BAGHDAD -- Top Shi'ite politicians failed to reach a consensus yesterday on their nominee for prime minister, shifting the two-man race to a secret ballot and exposing divisions in the winning alliance.
After hours of closed-door meetings, members of the United Iraqi Alliance agreed to hold a secret ballot to choose between Ibrahim al-Jaafari and Ahmad Chalabi, most likely tomorrow, said Ali Hashim al-Youshaa, an alliance leader.
The contrast between the two candidates is stark and reveals a division within the clergy-endorsed alliance, made up of 10 major political parties and various allied smaller groups.
Jaafari, 58, is the leader of the religious Dawa Party, one of Iraq's oldest parties, known for its popularity and close ties to Iran. Although Jaafari is a moderate, his party's platform is conservative.
Chalabi, 58, a secular Shi'ite who left Iraq as a teenager, leads the Iraqi National Congress and had close ties to the Pentagon before falling out of favor last year after claims he passed intelligence information to Iran.
Chalabi's Iraqi National Congress is an umbrella for groups that included Iraqi exiles, Kurds, and Shi'ites. Much of the intelligence his group supplied on Iraq's alleged weapons of mass destruction programs failed to pan out.
Jaafari was considered the leading contender yesterday, though Chalabi's aides said their man had enough votes to win.
Both candidates were expected to present their political agendas to alliance members before the secret vote, Youshaa said. The 140 lawmakers who will represent the alliance in the National Assembly, plus eight allied lawmakers, will decide who will be prime minister, Youshaa said.
A close aide to Grand Ayatollah Ali al-Sistani, the spiritual leader of Iraq's Shi'ite Muslims, said the alliance's leaders will visit the grand ayatollah's office in Najaf to get his blessing for their choice for prime minister. In the event they cannot agree, Sistani will make the final decision, said the aide, who spoke on condition of anonymity.
The alliance took 48 percent of the vote in the Jan. 30 national elections, but a two-thirds majority of the assembly is required for the most important decisions, including selection of a prime minister. Kurdish parties, who won 26 percent, have apparently agreed to support the alliance's candidate for prime minister in return for the largely ceremonial presidency.
Sunni Arabs, who were favored under Saddam Hussein's rule, largely stayed away from the polls. But the Shi'ites must move cautiously if they want to reach out to the Sunnis to form an inclusive government and help quell the insurgency.
The US military reported yesterday that a US soldier assigned to the First Marine Expeditionary Force was killed in action Tuesday in western Iraq. In addition, the bodies of eight Iraqis described as collaborators with US forces were found in a desert area north of Baghdad.

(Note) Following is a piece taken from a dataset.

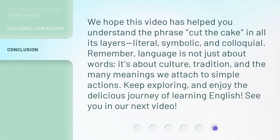We hope this video has helped you understand the phrase 'cut the cake' in all its layers — literal, symbolic, and colloquial. Remember, language is not just about words. It's about culture, tradition, and the many meanings we attach to simple actions. Keep exploring and enjoy the delicious journey of learning English. See you in our next video.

In an interview Tuesday, Jaafari said that quelling the violence would be his first priority if he becomes prime minister, and that he would ask US troops to stay as long as they are needed. Despite the Dawa Party's stated desire to impose Islamic law in Iraq, Jaafari said he supports guarantees for individual freedoms and women's rights.
Chalabi has promised to cancel contracts the interim government has signed, form a strong intelligence service, and drop charges against Shi'ite cleric Muqtada al-Sadr, who led two bloody revolts against US forces and is wanted for the murder of a rival cleric, said Ali Faisal of the Shi'ite Political Council.
Nevertheless, Hayder al-Mousawi, Chalabi's spokesman, said the differences were not major problem the Shi'ite alliance. ''No way is there a division inside the alliance. Everybody agreed on adhering to whatever results the internal elections will reach," he said.
If provisional results of the election stand, the alliance will have 140 seats in the 275-member National Assembly. Youshaa said three other party coalitions, which won a combined eight seats, have joined the alliance bloc.
Farid Ayar, electoral commission spokesman, said he expected the commission to certify the vote totals tomorrow, when the official allocation of seats in the National Assembly would be announced. The assembly will pick the president, two vice presidents, and draft a constitution. The interim government must set a timetable for installing the new government.